Activity: The data below contains pictures, which are to be skipped; the lines starting at the line with "北凉帝师:从死囚营开始(63集) 北凉帝" and ending at the line with "XTECH AUTO #14" are to be output exactly, both ends included.

(Image-text web data)

-----

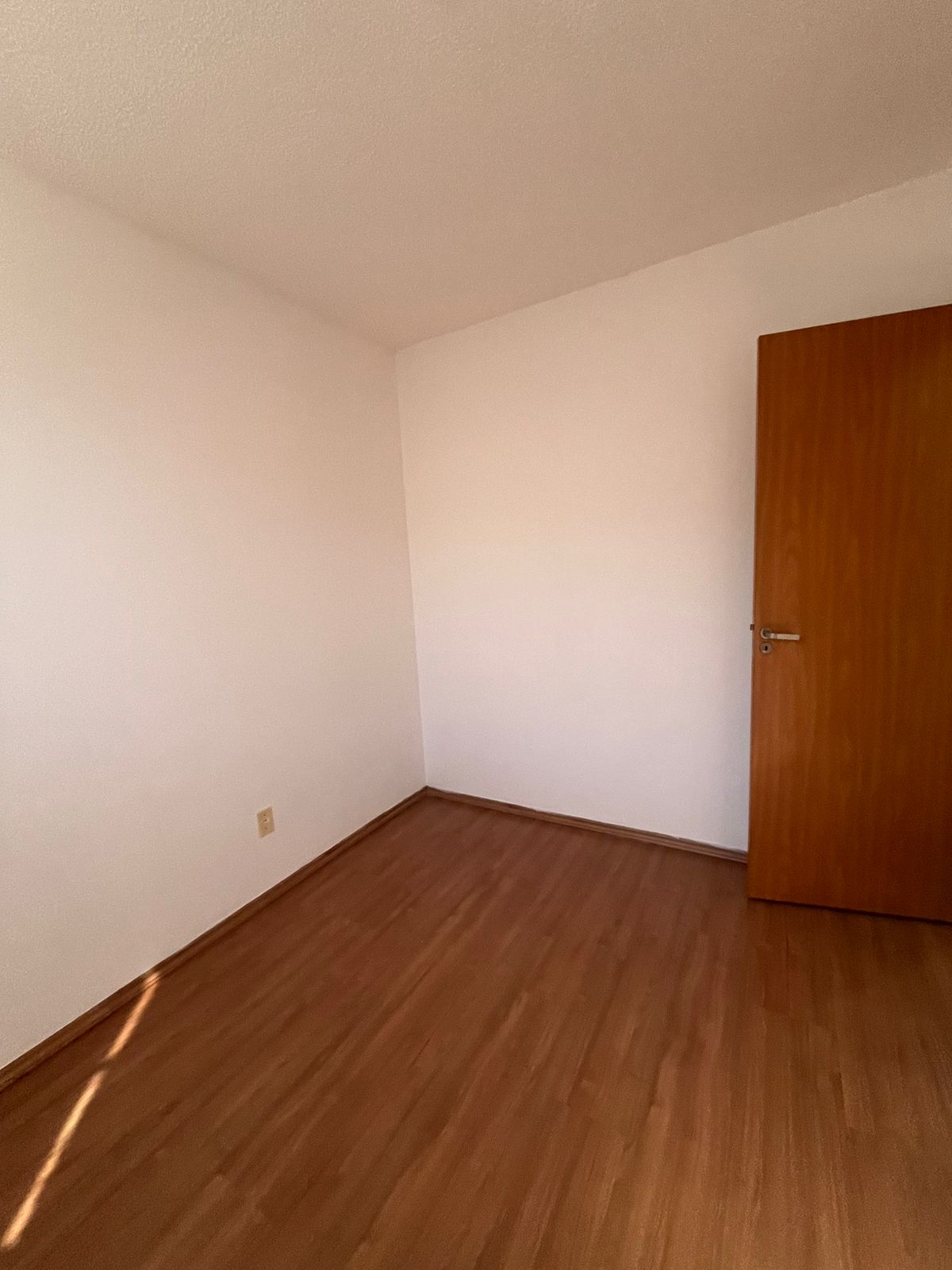 WhatsApp Image 2026-02-10 at 10.20.18 (3)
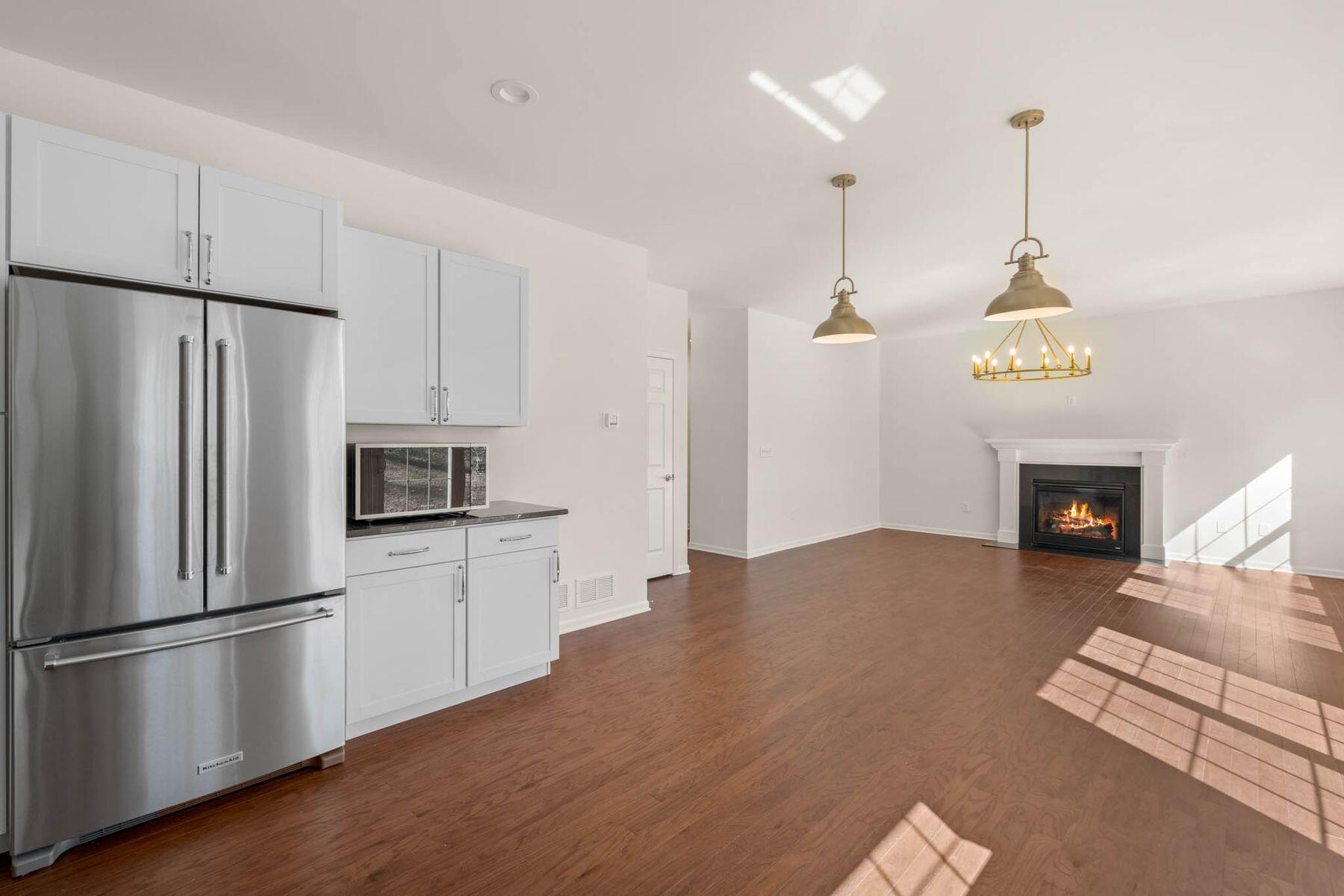 1824 Forestview Ct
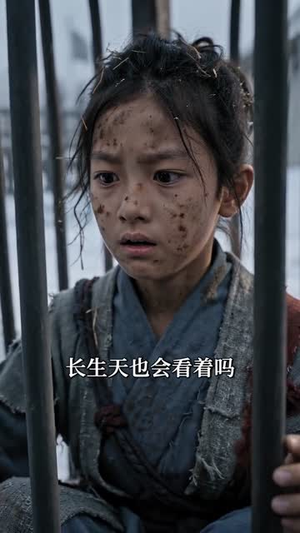 北凉帝师:从死囚营开始(63集) 北凉帝师:从死囚营开始(63集)短剧完整版免费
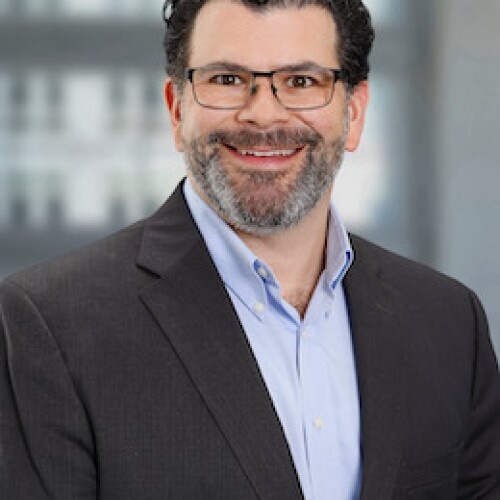 Adam Sadovsky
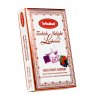 TURKISH DELIGHT 200G FOREST FRUITS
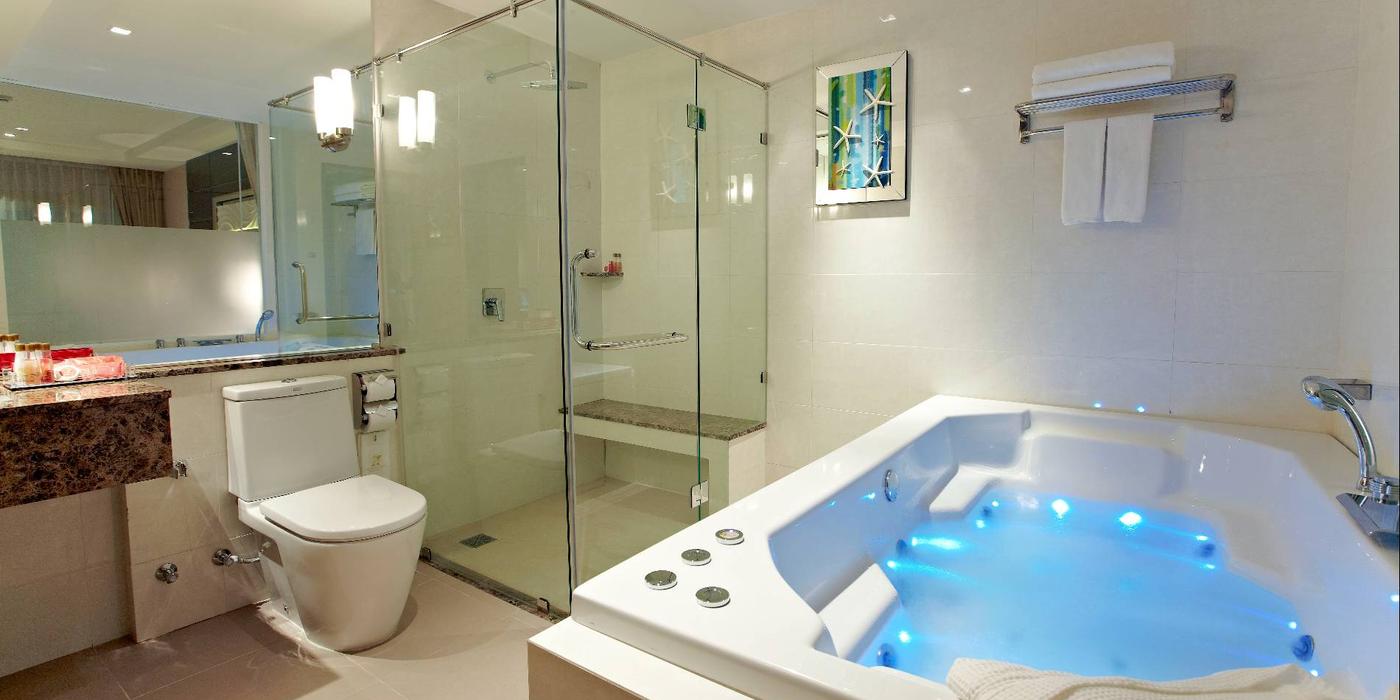Executive Suite 5 Executive Suite 5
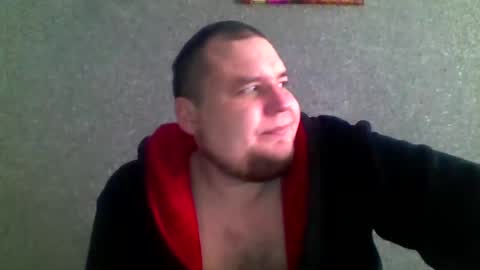 dimasvit5336 online show from 15, 2, 2026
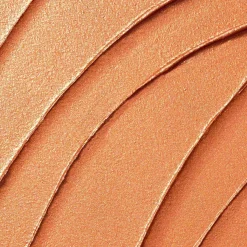 e.l.f Glitzshow Eyeshadow Stick luomiväri 4,5 g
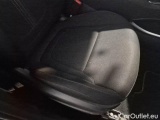  Hyundai  Tucson HYUNDAI  / 2020 / 5P / CROSSOVER 1.6 HEV 2WD 230CV XTECH AUTO #14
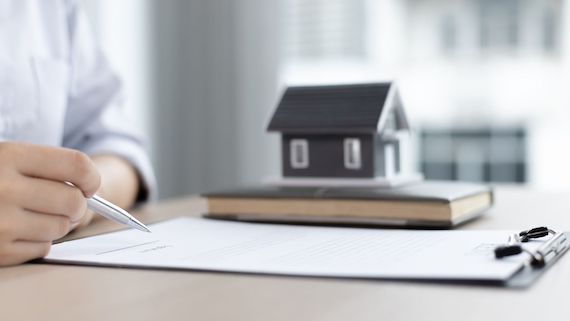 investissement-immobilier-conseils-fiscaux-patrimoniaux-financiers Investissement immobilier conseils fiscaux patrimoniaux et financiers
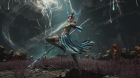 Создатели Wuchang: Fallen Feathers объявили точное время релиза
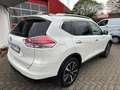 Nissan X-Trail Tekna/PANO/LEDER/AHK/AUT/NAVI/SHZ/TEMP Weiß - thumbnail 5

-----

Result of the exercise:
 北凉帝师:从死囚营开始(63集) 北凉帝师:从死囚营开始(63集)短剧完整版免费
 Adam Sadovsky
 TURKISH DELIGHT 200G FOREST FRUITS
Executive Suite 5 Executive Suite 5
 dimasvit5336 online show from 15, 2, 2026
 e.l.f Glitzshow Eyeshadow Stick luomiväri 4,5 g
  Hyundai  Tucson HYUNDAI  / 2020 / 5P / CROSSOVER 1.6 HEV 2WD 230CV XTECH AUTO #14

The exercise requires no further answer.